I couldn’t have imagined it would come to this.
Spring at an elementary school really is a rebirth of sorts. The learning is taking off. The routines are solid. All the things you’ve nagged about for six months are happening on their own. Line up straight. Raise your hand. Listen respectfully to others when you’re working together. Talk your way through a dispute. It’s all happening! So there’s new independence as a result.
Yes, your group may work in the hall. Yes, you may borrow the iPad to film your skit. Yes, the three of you may take the measuring tapes to other rooms in the school to help you solve your math problem. Yes, we can totally write our own class Choose Your Own Adventure novel. Yes, we can stay outside with the birds and the sun and the puddles a few more minutes longer.

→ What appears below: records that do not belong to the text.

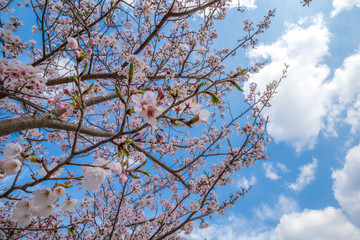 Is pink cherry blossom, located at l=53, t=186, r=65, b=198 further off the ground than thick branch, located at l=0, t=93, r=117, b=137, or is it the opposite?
thick branch, located at l=0, t=93, r=117, b=137

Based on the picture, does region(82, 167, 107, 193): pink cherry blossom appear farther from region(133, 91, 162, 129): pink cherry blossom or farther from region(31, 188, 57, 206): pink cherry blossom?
region(133, 91, 162, 129): pink cherry blossom

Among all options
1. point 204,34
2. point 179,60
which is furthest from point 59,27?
point 204,34

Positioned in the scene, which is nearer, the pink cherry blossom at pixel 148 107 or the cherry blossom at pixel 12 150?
the pink cherry blossom at pixel 148 107

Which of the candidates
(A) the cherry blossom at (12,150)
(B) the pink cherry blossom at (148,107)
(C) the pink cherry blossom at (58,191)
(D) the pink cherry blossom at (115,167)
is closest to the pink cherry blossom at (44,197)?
(C) the pink cherry blossom at (58,191)

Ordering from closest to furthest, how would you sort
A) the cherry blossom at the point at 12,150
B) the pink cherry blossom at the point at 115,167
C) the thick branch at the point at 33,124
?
the pink cherry blossom at the point at 115,167, the cherry blossom at the point at 12,150, the thick branch at the point at 33,124

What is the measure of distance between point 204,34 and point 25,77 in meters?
4.33

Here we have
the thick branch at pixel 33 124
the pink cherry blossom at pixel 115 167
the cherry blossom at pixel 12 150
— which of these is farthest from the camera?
the thick branch at pixel 33 124

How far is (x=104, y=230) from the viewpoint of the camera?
5215 millimetres

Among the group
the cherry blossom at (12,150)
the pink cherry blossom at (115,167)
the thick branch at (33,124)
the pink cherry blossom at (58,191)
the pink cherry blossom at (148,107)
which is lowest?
the pink cherry blossom at (115,167)

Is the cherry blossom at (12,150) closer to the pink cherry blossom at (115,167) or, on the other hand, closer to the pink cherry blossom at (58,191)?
the pink cherry blossom at (58,191)

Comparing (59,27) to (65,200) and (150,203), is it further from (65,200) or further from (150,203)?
(150,203)

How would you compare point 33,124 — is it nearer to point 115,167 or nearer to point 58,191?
point 58,191

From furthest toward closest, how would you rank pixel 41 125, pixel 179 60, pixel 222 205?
pixel 179 60 < pixel 222 205 < pixel 41 125

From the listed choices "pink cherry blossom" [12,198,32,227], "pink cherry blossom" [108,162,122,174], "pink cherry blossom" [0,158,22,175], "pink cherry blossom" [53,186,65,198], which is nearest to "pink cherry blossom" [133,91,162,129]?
"pink cherry blossom" [108,162,122,174]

I couldn’t have imagined it would come to this. An ending at the moment of rebirth. A goodbye without saying goodbye. I was allowed into my classroom for 15 minutes today. In 15 minutes, I packed up what I could carry of the 2019-2020 school year into my beloved secondhand suitcase.
That suitcase has been with me through many adventures, and on even more journeys with its previous owner. It carries the memories in its battered frame and threadbare walls. There is a bittersweetness in its role in my journey today. My old suitcase now has its own tiny part in this world-changing historical event. More memories for sure. A new beginning, new adventures in online learning. But also, an unutterable sadness for what could have been.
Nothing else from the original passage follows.